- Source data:
▼
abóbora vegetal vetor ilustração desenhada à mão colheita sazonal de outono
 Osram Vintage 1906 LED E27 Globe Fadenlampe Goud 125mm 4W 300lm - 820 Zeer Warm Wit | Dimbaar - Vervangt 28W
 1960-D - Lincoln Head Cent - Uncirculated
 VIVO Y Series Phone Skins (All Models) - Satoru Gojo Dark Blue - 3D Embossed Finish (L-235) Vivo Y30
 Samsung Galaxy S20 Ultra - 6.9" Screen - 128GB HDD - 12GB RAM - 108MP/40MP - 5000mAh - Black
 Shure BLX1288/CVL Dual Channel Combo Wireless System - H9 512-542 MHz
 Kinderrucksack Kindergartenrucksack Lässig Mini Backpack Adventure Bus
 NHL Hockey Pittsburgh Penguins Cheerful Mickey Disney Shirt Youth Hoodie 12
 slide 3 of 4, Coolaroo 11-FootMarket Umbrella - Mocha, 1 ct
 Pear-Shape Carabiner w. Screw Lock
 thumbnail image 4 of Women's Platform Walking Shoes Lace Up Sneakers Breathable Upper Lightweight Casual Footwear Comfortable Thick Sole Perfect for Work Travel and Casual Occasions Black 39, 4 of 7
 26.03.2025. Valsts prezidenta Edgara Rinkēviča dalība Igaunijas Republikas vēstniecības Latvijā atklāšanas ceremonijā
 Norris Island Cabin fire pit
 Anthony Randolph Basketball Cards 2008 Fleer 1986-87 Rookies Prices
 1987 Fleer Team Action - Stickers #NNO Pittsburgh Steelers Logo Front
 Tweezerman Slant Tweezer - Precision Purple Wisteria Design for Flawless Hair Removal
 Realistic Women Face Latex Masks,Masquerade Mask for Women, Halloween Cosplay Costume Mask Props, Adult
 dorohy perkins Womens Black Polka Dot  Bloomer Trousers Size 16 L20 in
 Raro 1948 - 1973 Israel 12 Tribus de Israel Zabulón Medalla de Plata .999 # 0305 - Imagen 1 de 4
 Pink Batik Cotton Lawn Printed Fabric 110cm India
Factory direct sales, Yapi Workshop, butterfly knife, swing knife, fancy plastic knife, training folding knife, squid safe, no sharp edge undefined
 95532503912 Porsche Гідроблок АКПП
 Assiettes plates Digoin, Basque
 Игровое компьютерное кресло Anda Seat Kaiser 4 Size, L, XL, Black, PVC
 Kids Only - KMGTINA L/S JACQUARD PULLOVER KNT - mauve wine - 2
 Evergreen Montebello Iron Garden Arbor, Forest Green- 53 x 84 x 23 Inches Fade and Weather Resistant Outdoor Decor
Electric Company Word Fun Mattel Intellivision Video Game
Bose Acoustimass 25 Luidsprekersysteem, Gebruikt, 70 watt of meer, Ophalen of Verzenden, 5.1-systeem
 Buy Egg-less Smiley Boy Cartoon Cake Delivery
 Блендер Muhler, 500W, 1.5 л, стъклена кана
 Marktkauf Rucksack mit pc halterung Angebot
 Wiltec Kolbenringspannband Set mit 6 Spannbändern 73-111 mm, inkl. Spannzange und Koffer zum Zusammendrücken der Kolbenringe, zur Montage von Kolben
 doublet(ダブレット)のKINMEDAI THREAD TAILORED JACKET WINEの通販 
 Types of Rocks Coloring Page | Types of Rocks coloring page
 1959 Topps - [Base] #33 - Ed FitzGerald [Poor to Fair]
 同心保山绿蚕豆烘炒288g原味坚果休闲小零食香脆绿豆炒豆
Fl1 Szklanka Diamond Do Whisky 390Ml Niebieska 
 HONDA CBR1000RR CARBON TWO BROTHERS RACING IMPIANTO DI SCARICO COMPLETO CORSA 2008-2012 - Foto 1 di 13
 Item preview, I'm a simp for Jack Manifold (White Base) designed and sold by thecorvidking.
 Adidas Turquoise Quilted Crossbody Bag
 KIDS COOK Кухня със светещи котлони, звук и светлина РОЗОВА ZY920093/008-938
▲
- Assignment: What you write must match the records above exactly, line for line.

- Response:
abóbora vegetal vetor ilustração desenhada à mão colheita sazonal de outono
 Osram Vintage 1906 LED E27 Globe Fadenlampe Goud 125mm 4W 300lm - 820 Zeer Warm Wit | Dimbaar - Vervangt 28W
 1960-D - Lincoln Head Cent - Uncirculated
 VIVO Y Series Phone Skins (All Models) - Satoru Gojo Dark Blue - 3D Embossed Finish (L-235) Vivo Y30
 Samsung Galaxy S20 Ultra - 6.9" Screen - 128GB HDD - 12GB RAM - 108MP/40MP - 5000mAh - Black
 Shure BLX1288/CVL Dual Channel Combo Wireless System - H9 512-542 MHz
 Kinderrucksack Kindergartenrucksack Lässig Mini Backpack Adventure Bus
 NHL Hockey Pittsburgh Penguins Cheerful Mickey Disney Shirt Youth Hoodie 12
 slide 3 of 4, Coolaroo 11-FootMarket Umbrella - Mocha, 1 ct
 Pear-Shape Carabiner w. Screw Lock
 thumbnail image 4 of Women's Platform Walking Shoes Lace Up Sneakers Breathable Upper Lightweight Casual Footwear Comfortable Thick Sole Perfect for Work Travel and Casual Occasions Black 39, 4 of 7
 26.03.2025. Valsts prezidenta Edgara Rinkēviča dalība Igaunijas Republikas vēstniecības Latvijā atklāšanas ceremonijā
 Norris Island Cabin fire pit
 Anthony Randolph Basketball Cards 2008 Fleer 1986-87 Rookies Prices
 1987 Fleer Team Action - Stickers #NNO Pittsburgh Steelers Logo Front
 Tweezerman Slant Tweezer - Precision Purple Wisteria Design for Flawless Hair Removal
 Realistic Women Face Latex Masks,Masquerade Mask for Women, Halloween Cosplay Costume Mask Props, Adult
 dorohy perkins Womens Black Polka Dot  Bloomer Trousers Size 16 L20 in
 Raro 1948 - 1973 Israel 12 Tribus de Israel Zabulón Medalla de Plata .999 # 0305 - Imagen 1 de 4
 Pink Batik Cotton Lawn Printed Fabric 110cm India
Factory direct sales, Yapi Workshop, butterfly knife, swing knife, fancy plastic knife, training folding knife, squid safe, no sharp edge undefined
 95532503912 Porsche Гідроблок АКПП
 Assiettes plates Digoin, Basque
 Игровое компьютерное кресло Anda Seat Kaiser 4 Size, L, XL, Black, PVC
 Kids Only - KMGTINA L/S JACQUARD PULLOVER KNT - mauve wine - 2
 Evergreen Montebello Iron Garden Arbor, Forest Green- 53 x 84 x 23 Inches Fade and Weather Resistant Outdoor Decor
Electric Company Word Fun Mattel Intellivision Video Game
Bose Acoustimass 25 Luidsprekersysteem, Gebruikt, 70 watt of meer, Ophalen of Verzenden, 5.1-systeem
 Buy Egg-less Smiley Boy Cartoon Cake Delivery
 Блендер Muhler, 500W, 1.5 л, стъклена кана
 Marktkauf Rucksack mit pc halterung Angebot
 Wiltec Kolbenringspannband Set mit 6 Spannbändern 73-111 mm, inkl. Spannzange und Koffer zum Zusammendrücken der Kolbenringe, zur Montage von Kolben
 doublet(ダブレット)のKINMEDAI THREAD TAILORED JACKET WINEの通販 
 Types of Rocks Coloring Page | Types of Rocks coloring page
 1959 Topps - [Base] #33 - Ed FitzGerald [Poor to Fair]
 同心保山绿蚕豆烘炒288g原味坚果休闲小零食香脆绿豆炒豆
Fl1 Szklanka Diamond Do Whisky 390Ml Niebieska 
 HONDA CBR1000RR CARBON TWO BROTHERS RACING IMPIANTO DI SCARICO COMPLETO CORSA 2008-2012 - Foto 1 di 13
 Item preview, I'm a simp for Jack Manifold (White Base) designed and sold by thecorvidking.
 Adidas Turquoise Quilted Crossbody Bag
 KIDS COOK Кухня със светещи котлони, звук и светлина РОЗОВА ZY920093/008-938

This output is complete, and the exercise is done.